The thing is, the great diversity that exists among cultures, not only here in Mexico but all over the world, enriches us as individuals. And not only as cultural groups, but within each group, there are so many variants. For example, there are about twenty-five variants of my language, Tu’un sávi, and each one of those variants represents a people, or a group of peoples. I am very much in favor of respecting each of those variants, respecting their different tones or sounds. By trying to unify a language we could kill off one variant, and that would be like killing off several peoples. When I hold literary workshops I tell my colleagues that I respect their variant of the language, because if not, when a new generation comes along and they read you, they will not associate your text with your original vision, with your original message. We have to be very careful with a lot of things and not fall into the historical state policy that has always tried to nationalize us and put us all into one group, and make us all speak Spanish.

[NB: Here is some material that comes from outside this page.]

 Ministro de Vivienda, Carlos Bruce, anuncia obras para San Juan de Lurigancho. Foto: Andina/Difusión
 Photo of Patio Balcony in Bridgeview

AC: And that is no doubt part of your aim, as a cultural promoter and organizer of literary workshops, to help others who write in their native languages.
FS: I started to write my own works and then I began sharing it with others, and we began those activities, creative writing workshops. Before the pandemic we would meet in person, but now we hold the workshops online. They are free of charge, and a lot of people sign up, but we work with a maximum of ten writers at a time.
AC: In addition to writing in your native language, La danza de las balas is also an indictment, by portraying the reality of your town and people, and not simply by relating the facts like a sensationalist story, but by putting it in context, so that readers know it was not just an isolated incident.
FS: It excites me because we are shining a light on historical events, events that are burned into the memory of the people, events that marked our community, and for me this prize brings mixed feelings. On the one hand I am excited because my words start to be acknowledged, and on the other there is this constant reminder of the violence that has battered our region, our villages, our people. We have to keep working to show those problems and that violence to society.
The mountains of Guerrero have been besieged on an infinite number of occasions, by violence, by revolutionaries, by the military, and right now by drug traffickers. We have always suffered violence, since the persecution of Genaro Vázquez, Lucio Cabañas, since the Zapatista uprising in Chiapas. And the people also formed armies here. All this has been the result of a failed state policy, of tensions. There are many, many incidents in the memory of the people and I feel a social commitment to write about them and shine a light on them. And not just as journalism but as literature: so the words sound beautiful, but are also combative.
AC: Mexico has become a dangerous country in which to be a journalist—reporters and writers put themselves at risk by raising their voices. Is that danger present in your mind when you sit down and write about these incidents?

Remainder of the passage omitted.